Bob Mumgaard

High-field tokamaks: From Alcator to ARC

Bob Mumgaard

Commonwealth Fusion Systems

Friday, September 28, 2018

3:00pm

PSFC Seminars

Abstract: The idea of using very high magnetic fields to create high-density plasmas dates back to the beginning of the fusion program with Bruno Coppi and MIT's Alcator team.  Over the course of decades this was explored in a series of compact, high-performance devices at MIT and around the world.  These machines leveraged advances in copper cryogenic magnets, novel structures, and the speed and determination of small teams and led to many fusion records and breakthroughs.  This approach was soon duplicated in studies around the world and became the basis for many programs looking to take the step into net-energy and high-gain for scientific understanding.  As fusion for energy was approached the two major limitations of these devices soon became apparent: 1) their large, power hungry, high stress, cryogenic copper magnets and 2) the eventual need to field  large moderate-field superconducting tokamaks as power plants.   The high-field machines fell out of favor.  Then in the mid 2010s an un-related development changed both of these limitations--the commercialization of high-temperature superconductors (HTS).  This new magnet technology promises to drastically increase the magnetic field accessible with superconducting magnets.  This puts the high-field tokamak back front and center on an accelerated fusion to fusion energy not as a part of the journey but as the destination. 

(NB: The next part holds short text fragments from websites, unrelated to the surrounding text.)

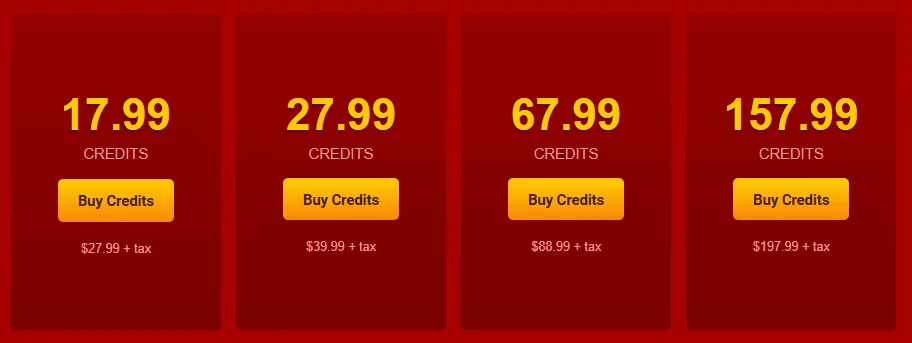 Livejasmin review Credit Bundles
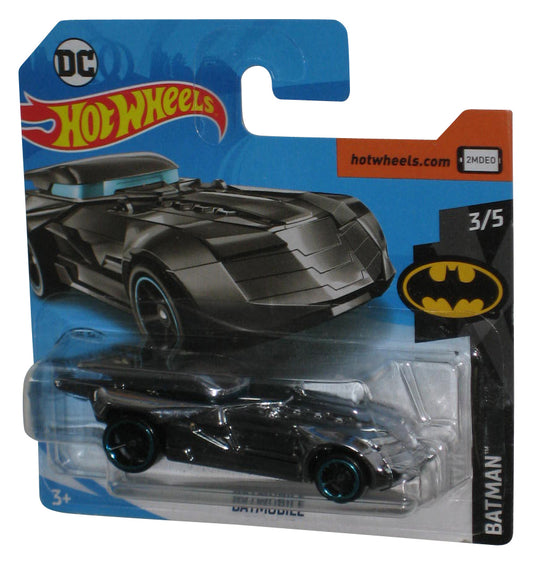 DC Comics Hot Wheels (2017) Batman Grey Batmobile 3/5 Car 9/250 - (Short Card)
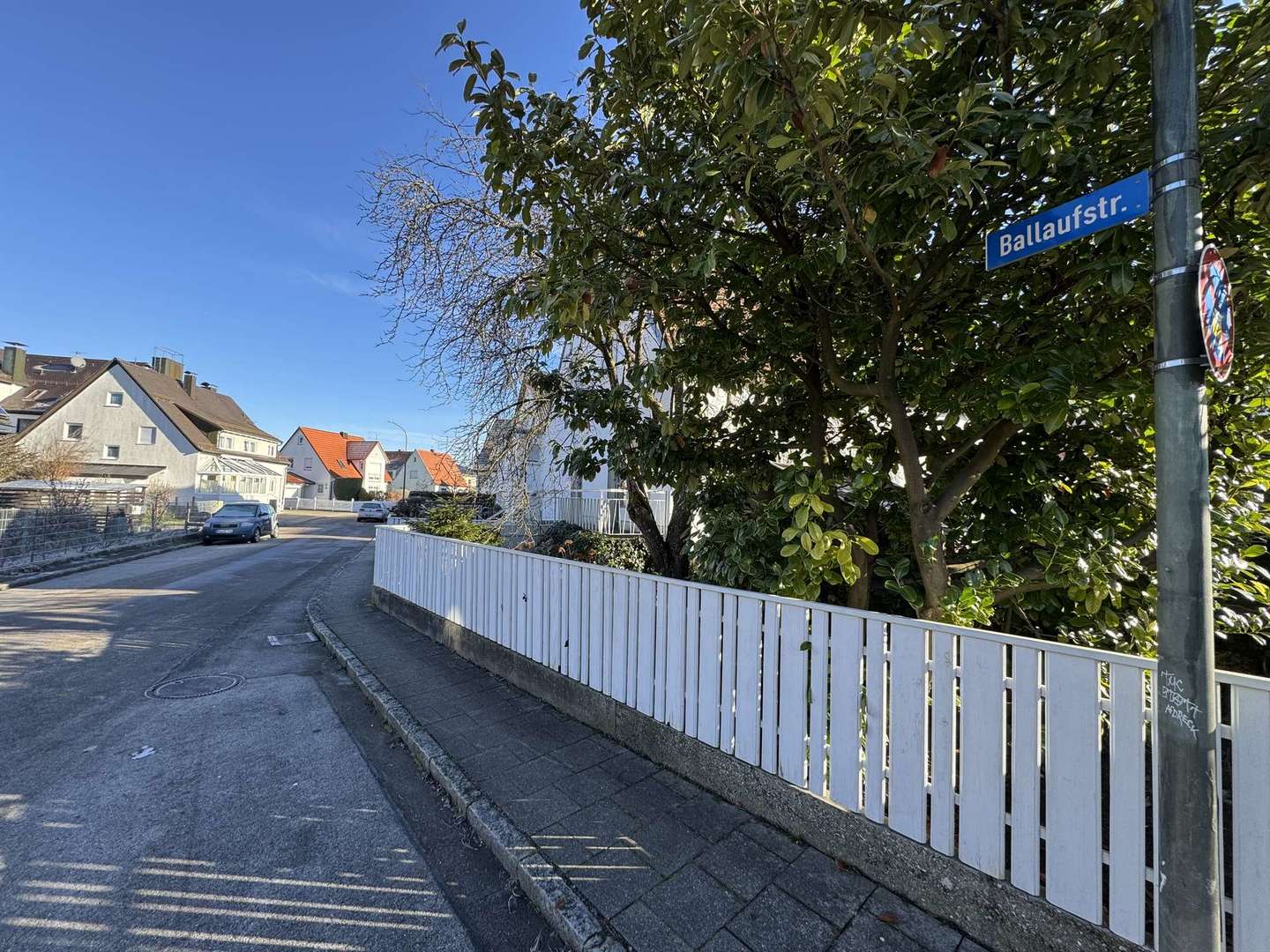 Ballaufstraße in Karlsfeld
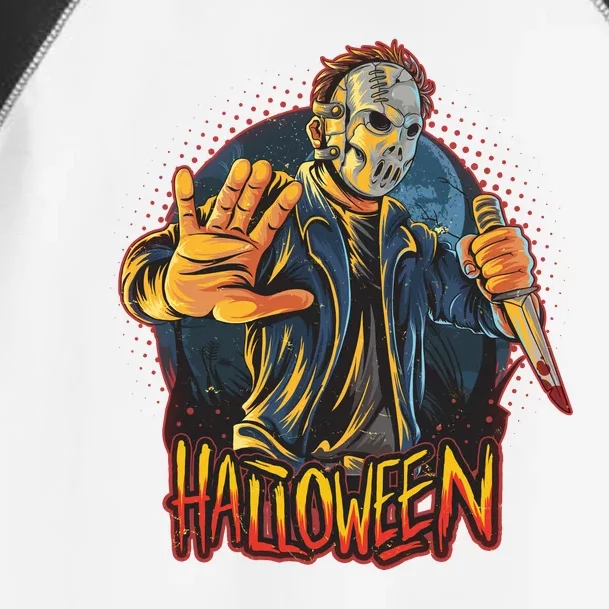 Funny Scary Halloween Jason Toddler Fine Jersey T-Shirt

The seminar will trace the history of the high-field approach from its inception to its hiatus and its revival via HTS superconductors. We'll examine the various limitations of high-field copper and HTS magnets and the characteristics of high-field tokamaks as a class evolving from the invention of tokamaks to today.  Then we'll look forward to explore the high-field tokamak power plants based on the ARC-concept as a class.  We'll compare and contrast the attributes of these ARC-like power plants with their ITER-like or ARIES-like counterparts.  What is the same?  What is different?  Where are the tradeoffs?  We'll then use this to identify the gaps in the knowledge base for further work all based on an approach to retire risk toward fusion energy production as quickly as possible with a small team.  This will then provide context to discuss SPARC, a net-energy DT tokamak explicitly designed to retire these risks as soon as possible. 

Bio: Bob Mumgaard is CEO of Commonwealth Fusion Systems (CFS), a fusion energy startup company spinout of MIT. As CEO, Mumgaard drives company’s vision to accelerate the path to commercial fusion energy by managing its strategic partnerships and technical approach. A believer in the power of technical and organizational innovation to facilitate the breakthroughs needed to combat climate change, Mumgaard and the CFS team are working in collaboration with MIT’s Plasma Science and Fusion Center (PSFC) to realize the holy grail of renewable energy: fusion. As a doctoral student at MIT, Mumgaard developed techniques to measure the magnetic field inside tokamak plasmas, utilizing precise polarization techniques, robotics, and novel optical instruments on the PSFC’s Alcator C-Mod tokamak. He participated in the deployment of  diagnostics on tokamaks around the world, including TCV (Switzerland), KSTAR (South Korea), and ASDEX Upgrade (Germany). During this time, he contributed to the design of several small superconducting tokamaks for a variety of physics missions using High Temperature Superconductors (HTS). After completing his PhD, he became a DOE fellow and a MIT Translational Fellow, where he studied the history, organization, and execution of large-scale projects in science and technology and focused on how entrepreneurship, risk-retirement strategies, and partnerships could speed fusion from the laboratory to the market.  Mumgaard helped to organize the SPARC underground, leading the team to build the first net energy fusion device, an effort that set the groundwork for CFS. SPARC’s revolutionary new financial model allows for the use of traditional academic resources through a co-sponsored research partnership with MIT, which speeds the path to fusion energy.  Bob earned his BS in mechanical engineering and physics from the University of Nebraska-Lincoln. He holds a SM in nuclear science and engineering and a PhD in applied plasma physics from MIT.